## ABOUT THIS EXERCISE:
From the line with "Silk Nylon Oversized Down Pat Shirt" to the line with "Fashion Home Wall Clock - Fashion", retype each line exactly as it stands in the records below, but skip the pictures.

## SUPPLIED RECORDS:

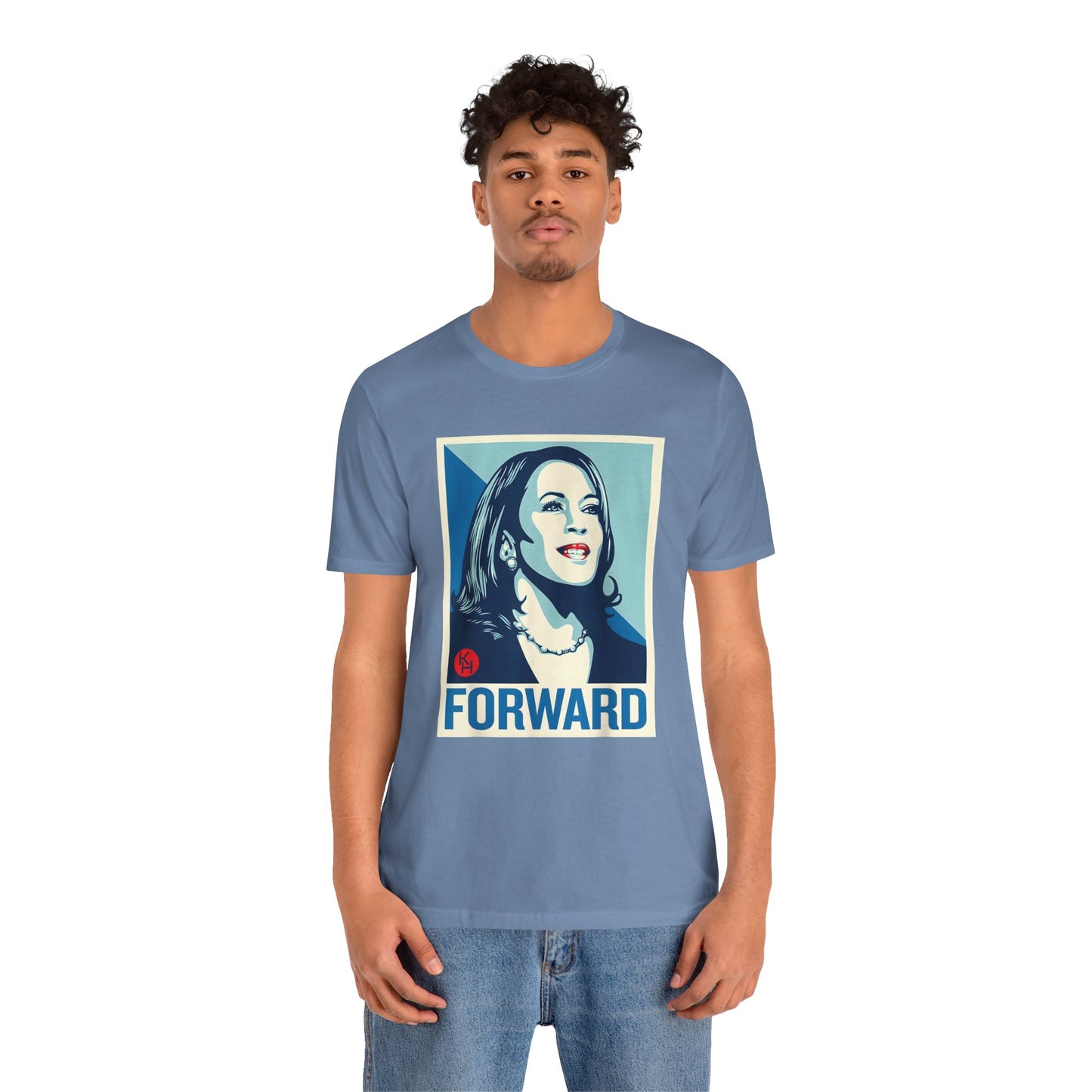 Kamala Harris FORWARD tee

---

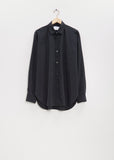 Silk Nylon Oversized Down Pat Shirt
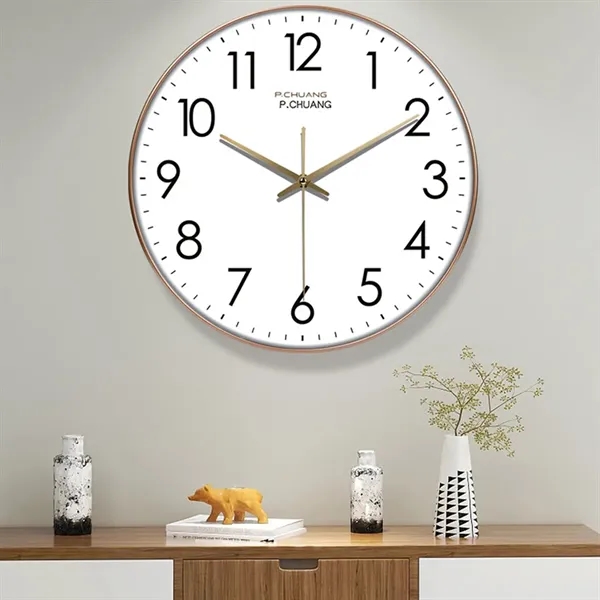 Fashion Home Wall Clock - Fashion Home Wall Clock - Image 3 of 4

--

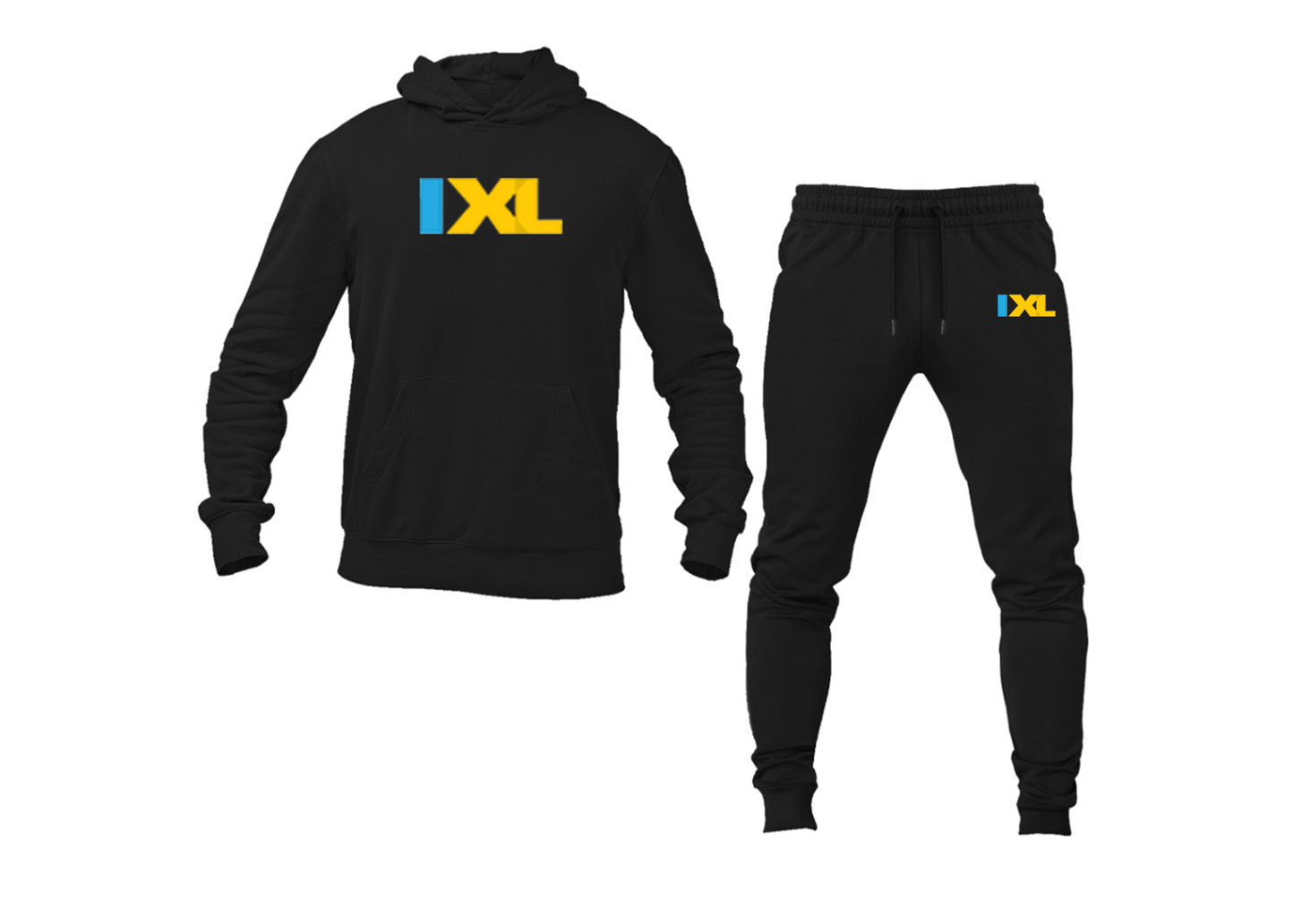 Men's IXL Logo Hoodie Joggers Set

## RESULT OF THE TASK:
 Silk Nylon Oversized Down Pat Shirt
 Fashion Home Wall Clock - Fashion Home Wall Clock - Image 3 of 4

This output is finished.